▸ **AIM OF THE EXERCISE**: Would you please print exactly the lines that run from the one with "vision help international" to the last line of the data, both included, without any pictures?

▸ **DATA SECTION**:
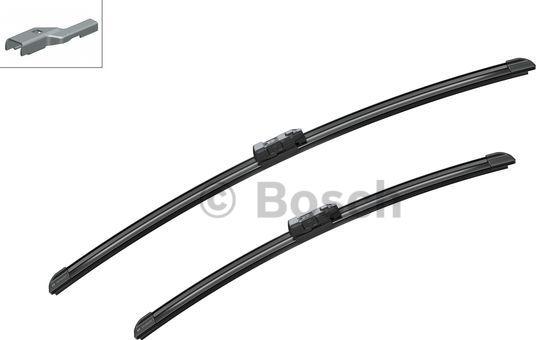 BOSCH 3 397 118 979 - Wiper Blade onlydrive.pro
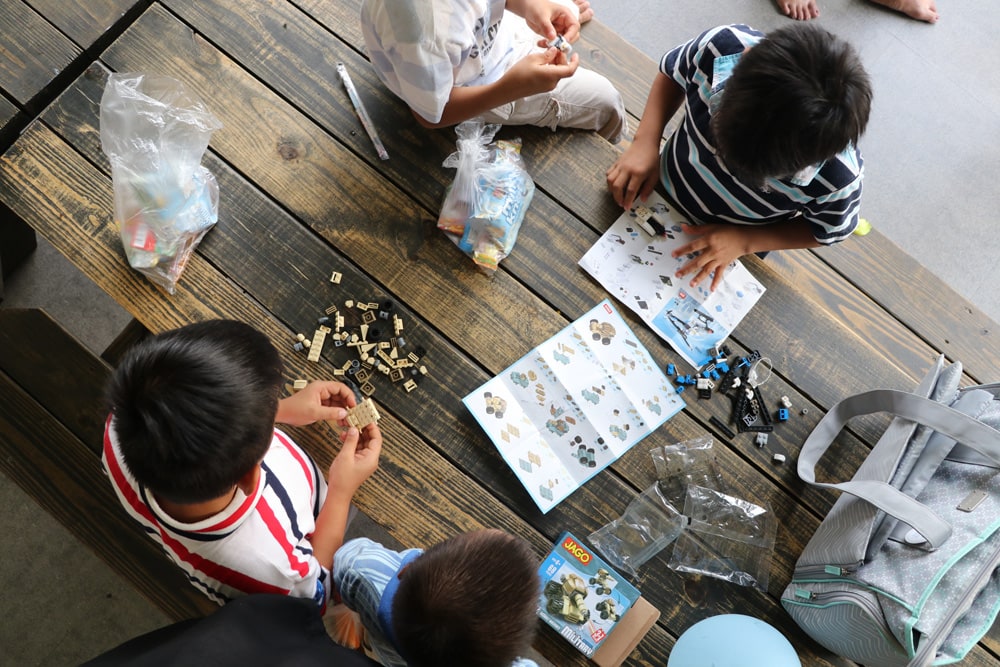 vision help international care foundation philippines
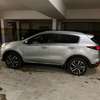 Kia sportage full option à vendre thumb 6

▸ **PROBLEM SOLUTION**:
 vision help international care foundation philippines
 Kia sportage full option à vendre thumb 6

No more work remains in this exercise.